Engaging with food consumers

Published 2:57 pm Thursday, January 16, 2020

SALEM — People learn through stories, Michele Payn, a nationally recognized speaker and author on the food industry, said. And as the stories around food change, the way people think about food is changing, too.

The changes are often pushing farmers and consumers farther apart, and Payn said farms need to do a better job of engaging the public.

Payn was speaking during an Oregon AgLink meeting Jan. 16 at the Northwest Ag Show to an audience that included hay farmers, cattle ranchers and tree fruit producers.

The way society’s perception of food is changing can be illustrated through brain science, said Payn.

Functional magnetic resonance imaging (fMRI) is a technique that measures brain activity. When certain areas of the brain light up in fMRI images, researchers can evaluate patterns of thought. When the brain finds a subject pleasant or comfortable, it lights up one area of the brain. When a subject is uncomfortable, another area is activated.

Payn said that as marketing messages have impressed on consumers values like “sustainability” and “humane livestock production,” for example, consumers’ brains have been wired to light up in a positive way when those terms are recognized.

Marketers know this and send messages through food labeling to impact consumers’ thoughts.

The average grocery store, said Payn, sells 40,000 products. And each food item has approximately five claims on the package. That means the store holds over 200,000 claims about food, leaving consumers’ brains spinning.

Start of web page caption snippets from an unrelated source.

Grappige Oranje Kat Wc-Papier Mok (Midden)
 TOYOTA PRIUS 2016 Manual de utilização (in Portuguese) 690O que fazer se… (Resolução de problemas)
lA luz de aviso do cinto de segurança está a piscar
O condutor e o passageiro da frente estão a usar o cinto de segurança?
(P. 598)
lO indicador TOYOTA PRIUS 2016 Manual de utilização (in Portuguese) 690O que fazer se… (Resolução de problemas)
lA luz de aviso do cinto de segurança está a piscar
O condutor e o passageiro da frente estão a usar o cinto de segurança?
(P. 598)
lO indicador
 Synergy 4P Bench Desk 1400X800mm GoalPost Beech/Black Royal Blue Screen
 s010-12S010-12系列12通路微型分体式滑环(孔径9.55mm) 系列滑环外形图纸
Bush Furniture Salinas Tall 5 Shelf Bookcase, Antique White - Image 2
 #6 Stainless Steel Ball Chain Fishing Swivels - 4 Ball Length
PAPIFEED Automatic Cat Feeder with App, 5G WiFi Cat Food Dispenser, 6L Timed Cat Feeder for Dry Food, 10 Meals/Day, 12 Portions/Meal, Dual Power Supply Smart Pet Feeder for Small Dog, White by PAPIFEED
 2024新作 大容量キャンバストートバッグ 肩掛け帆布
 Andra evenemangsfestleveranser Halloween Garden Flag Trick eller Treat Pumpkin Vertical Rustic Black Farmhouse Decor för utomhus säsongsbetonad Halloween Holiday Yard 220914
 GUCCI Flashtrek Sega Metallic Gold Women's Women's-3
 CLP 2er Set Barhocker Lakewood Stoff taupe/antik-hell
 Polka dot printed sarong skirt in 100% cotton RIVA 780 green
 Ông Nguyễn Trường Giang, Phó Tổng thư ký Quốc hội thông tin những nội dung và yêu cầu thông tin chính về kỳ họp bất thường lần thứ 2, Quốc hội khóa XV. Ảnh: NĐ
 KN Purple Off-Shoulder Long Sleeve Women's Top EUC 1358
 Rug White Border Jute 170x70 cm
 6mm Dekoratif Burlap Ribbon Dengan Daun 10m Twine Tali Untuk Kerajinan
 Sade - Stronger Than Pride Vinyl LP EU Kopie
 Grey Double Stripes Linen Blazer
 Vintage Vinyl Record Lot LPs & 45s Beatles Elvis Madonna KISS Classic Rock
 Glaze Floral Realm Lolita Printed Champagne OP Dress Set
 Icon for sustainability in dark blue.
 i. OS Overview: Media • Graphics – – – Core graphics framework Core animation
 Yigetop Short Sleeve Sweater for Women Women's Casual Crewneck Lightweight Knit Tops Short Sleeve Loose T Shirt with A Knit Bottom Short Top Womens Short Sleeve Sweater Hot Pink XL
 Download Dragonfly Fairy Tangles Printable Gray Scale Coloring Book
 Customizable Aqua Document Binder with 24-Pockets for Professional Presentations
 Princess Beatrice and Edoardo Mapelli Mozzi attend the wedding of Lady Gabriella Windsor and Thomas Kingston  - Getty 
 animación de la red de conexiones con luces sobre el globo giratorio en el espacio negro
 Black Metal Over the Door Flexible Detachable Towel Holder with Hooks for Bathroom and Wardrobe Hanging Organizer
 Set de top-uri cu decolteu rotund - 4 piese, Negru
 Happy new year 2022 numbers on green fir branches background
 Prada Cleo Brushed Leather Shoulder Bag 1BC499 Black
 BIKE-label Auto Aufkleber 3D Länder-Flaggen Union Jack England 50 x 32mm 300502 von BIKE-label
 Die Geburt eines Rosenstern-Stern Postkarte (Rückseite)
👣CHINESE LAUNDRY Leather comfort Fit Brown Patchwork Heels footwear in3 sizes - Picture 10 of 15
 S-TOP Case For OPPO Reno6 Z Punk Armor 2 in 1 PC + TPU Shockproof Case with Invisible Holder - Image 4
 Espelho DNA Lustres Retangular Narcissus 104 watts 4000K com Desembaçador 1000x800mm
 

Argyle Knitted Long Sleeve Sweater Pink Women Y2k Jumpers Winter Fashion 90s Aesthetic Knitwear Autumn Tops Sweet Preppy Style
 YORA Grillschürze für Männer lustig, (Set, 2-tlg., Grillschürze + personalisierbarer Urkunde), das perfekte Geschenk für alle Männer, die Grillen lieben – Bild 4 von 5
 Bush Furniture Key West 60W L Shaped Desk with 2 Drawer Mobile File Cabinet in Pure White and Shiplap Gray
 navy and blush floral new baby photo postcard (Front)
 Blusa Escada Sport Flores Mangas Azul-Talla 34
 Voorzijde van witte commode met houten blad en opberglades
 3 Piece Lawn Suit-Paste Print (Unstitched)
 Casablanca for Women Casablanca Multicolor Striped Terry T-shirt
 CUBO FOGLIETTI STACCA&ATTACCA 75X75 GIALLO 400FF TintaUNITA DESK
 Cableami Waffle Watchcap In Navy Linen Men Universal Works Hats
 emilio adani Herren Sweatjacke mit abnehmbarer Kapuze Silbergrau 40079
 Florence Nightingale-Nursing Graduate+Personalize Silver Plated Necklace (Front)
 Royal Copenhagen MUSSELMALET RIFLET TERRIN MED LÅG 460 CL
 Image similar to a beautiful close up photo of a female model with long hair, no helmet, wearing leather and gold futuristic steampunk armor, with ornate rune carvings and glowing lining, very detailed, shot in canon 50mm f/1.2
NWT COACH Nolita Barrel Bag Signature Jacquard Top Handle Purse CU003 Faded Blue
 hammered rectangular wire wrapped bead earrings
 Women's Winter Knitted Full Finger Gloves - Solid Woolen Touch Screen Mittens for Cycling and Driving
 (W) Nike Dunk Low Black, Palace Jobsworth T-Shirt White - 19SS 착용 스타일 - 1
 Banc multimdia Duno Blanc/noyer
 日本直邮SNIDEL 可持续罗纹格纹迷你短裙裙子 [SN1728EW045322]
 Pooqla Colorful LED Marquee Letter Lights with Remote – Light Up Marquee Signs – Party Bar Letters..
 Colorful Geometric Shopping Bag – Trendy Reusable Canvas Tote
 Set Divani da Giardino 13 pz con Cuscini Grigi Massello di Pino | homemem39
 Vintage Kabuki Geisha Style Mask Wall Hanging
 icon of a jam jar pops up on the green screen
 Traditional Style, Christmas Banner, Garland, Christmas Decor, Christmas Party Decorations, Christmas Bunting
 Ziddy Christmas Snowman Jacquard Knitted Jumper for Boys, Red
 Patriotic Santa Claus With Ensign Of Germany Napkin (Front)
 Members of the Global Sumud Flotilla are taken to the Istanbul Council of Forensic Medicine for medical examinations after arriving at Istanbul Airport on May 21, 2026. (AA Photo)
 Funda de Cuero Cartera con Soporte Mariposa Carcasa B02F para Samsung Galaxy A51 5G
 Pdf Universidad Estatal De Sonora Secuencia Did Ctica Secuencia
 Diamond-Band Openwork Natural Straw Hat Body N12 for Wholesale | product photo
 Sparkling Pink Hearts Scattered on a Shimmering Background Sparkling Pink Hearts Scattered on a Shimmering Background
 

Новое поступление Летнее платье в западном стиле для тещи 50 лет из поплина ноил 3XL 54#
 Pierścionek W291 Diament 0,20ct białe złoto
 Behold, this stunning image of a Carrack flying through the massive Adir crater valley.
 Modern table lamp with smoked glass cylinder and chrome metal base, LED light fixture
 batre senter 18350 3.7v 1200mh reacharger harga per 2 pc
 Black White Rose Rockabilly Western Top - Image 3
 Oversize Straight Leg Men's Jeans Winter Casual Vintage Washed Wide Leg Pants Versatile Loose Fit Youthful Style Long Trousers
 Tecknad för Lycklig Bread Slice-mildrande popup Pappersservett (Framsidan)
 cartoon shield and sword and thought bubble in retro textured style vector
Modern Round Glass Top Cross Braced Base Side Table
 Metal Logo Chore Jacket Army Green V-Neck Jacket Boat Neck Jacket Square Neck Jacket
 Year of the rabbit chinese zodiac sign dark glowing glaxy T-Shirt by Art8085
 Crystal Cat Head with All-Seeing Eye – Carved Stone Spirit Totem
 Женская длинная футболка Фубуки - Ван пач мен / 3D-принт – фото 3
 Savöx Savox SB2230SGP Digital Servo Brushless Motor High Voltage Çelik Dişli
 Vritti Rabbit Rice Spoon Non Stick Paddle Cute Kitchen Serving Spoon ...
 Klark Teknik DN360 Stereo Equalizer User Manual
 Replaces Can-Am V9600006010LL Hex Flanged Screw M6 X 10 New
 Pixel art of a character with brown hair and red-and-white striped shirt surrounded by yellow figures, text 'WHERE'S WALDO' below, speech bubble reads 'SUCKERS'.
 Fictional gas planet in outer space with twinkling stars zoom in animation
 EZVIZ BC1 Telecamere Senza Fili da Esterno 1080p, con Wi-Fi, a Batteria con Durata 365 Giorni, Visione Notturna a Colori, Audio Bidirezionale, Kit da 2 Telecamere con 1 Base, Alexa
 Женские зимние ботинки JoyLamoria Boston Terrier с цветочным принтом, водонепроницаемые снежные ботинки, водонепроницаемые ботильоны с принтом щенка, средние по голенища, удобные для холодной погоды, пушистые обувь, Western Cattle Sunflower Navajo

But most consumers, Payn said, have little concept of how their food is produced, why farmers use specific practices or chemicals and who works behind what’s on their plate.

Since many consumers view conventional farms — those that use GMOs or pesticides, for example — in a negative light, Payn said it’s critical for farms, especially traditional large-scale farms, to tell their stories, engage on social media, build relationships with customers and above all, find common ground. Only then, she said, can consumers and farmers understand each other’s practices.

Farms are far from homogenous, and conflicts exist between groups with different practices. Although competing for customers is part of the game, Payn said hostilities between farms undermine the overall way the public views agriculture.

“Farmers like to bully each other when they make different choices,” said Payn.

She recalled how a farmer she knows formerly grew only conventional crops, but when he switched part of his operation to organic, other local farmers ostracized him.

“This all comes down to choice,” said Payn. “People have the right to buy the kind of food they want to feed their families, and farms should be able to grow food the way they want.

“When trust is destroyed in one farm, it’s destroyed in the other. We can’t go around condemning each other. We have to build better relationships with the public and with each other.”